Anglicans have long valued art and beauty as reflective of our creative impulse from our creation in the Image of God. The full-bodied worship and intentional beauty of our worship spaces, liturgy, and music that resulted were essential in pointing to the transcendent truths of God.

This intentionality has led many great writers such as Jane Austen and C.S. Lewis, poet-priests such as John Donne and George Herbert, hymnists such as John Newton and Charles Wesley, and composers such as George Frederich Handel to flourish within the Anglican tradition.

How do I practice the faith outside of Sunday worship?

Tell me about Anglican spirituality.

There are many ways to engage in practices deeply tied to the Anglican spiritual tradition. Many of these, like the Daily Office, draw on our Celtic, Benedictine, and Franciscan monastic roots from centuries before the Reformation. Others maintain the Anglican spirit simply through a deep appreciation of prayer and scripture.

That works great for me, but I also have kids.
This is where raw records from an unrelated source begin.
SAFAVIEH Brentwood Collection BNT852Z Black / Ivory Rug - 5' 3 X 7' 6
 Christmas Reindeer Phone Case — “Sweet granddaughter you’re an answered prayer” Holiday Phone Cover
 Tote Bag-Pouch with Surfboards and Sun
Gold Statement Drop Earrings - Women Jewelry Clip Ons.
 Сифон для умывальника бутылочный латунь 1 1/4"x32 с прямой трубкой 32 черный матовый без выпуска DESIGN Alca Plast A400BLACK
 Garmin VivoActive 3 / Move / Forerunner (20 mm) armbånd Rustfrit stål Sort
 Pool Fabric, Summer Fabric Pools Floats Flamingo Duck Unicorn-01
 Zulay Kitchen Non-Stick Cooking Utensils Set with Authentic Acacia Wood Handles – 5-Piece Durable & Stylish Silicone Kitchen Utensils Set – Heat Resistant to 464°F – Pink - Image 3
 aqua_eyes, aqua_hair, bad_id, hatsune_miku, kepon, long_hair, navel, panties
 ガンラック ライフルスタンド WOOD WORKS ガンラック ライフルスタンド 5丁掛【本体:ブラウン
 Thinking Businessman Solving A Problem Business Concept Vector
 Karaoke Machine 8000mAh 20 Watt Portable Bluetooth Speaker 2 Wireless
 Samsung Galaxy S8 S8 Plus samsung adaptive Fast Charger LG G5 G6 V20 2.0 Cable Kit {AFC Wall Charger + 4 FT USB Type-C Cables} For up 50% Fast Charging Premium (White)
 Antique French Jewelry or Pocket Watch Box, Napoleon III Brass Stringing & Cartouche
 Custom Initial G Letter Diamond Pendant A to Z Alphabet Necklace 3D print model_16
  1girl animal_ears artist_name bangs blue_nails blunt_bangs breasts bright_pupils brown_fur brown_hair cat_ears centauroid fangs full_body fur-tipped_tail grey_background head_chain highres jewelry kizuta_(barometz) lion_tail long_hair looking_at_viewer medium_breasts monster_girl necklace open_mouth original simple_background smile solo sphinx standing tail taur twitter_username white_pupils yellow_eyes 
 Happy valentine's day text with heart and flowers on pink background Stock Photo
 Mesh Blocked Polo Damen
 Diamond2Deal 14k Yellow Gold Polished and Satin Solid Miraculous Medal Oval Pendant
How can I help my family practice the faith?

The Anglican tradition can easily enrich your home life. Some ways to do this are by drawing on rhythms like the Daily Office, educational tools like the catechism, and fun and creative times like the seasons and feast days of the Church Calendar. These rhythms cannot only enhance your personal walk with Jesus, but they can deeply enrich the lives of every member of your family, from young to old.

okay, before I commit, I want to know what I’m jumping into.

What are Anglicans doing today?

For the 400 years after the Reformation, British Anglicans carried their faith worldwide. Anglican churches were established on every continent and in numerous nations, eventually uniting into the Anglican Communion.

In the early 21st Century, Anglican provinces began to realign themselves over concerns about departures from scriptural faithfulness by some Communion provinces. One result of these concerns was the convening of the Global Anglican Future Conference (GAFCON) and the establishment of The Anglican Church in North America. Meanwhile, mission societies continue to carry the faith worldwide, and chaplaincies take it to prisons, hospitals, and the armed forces.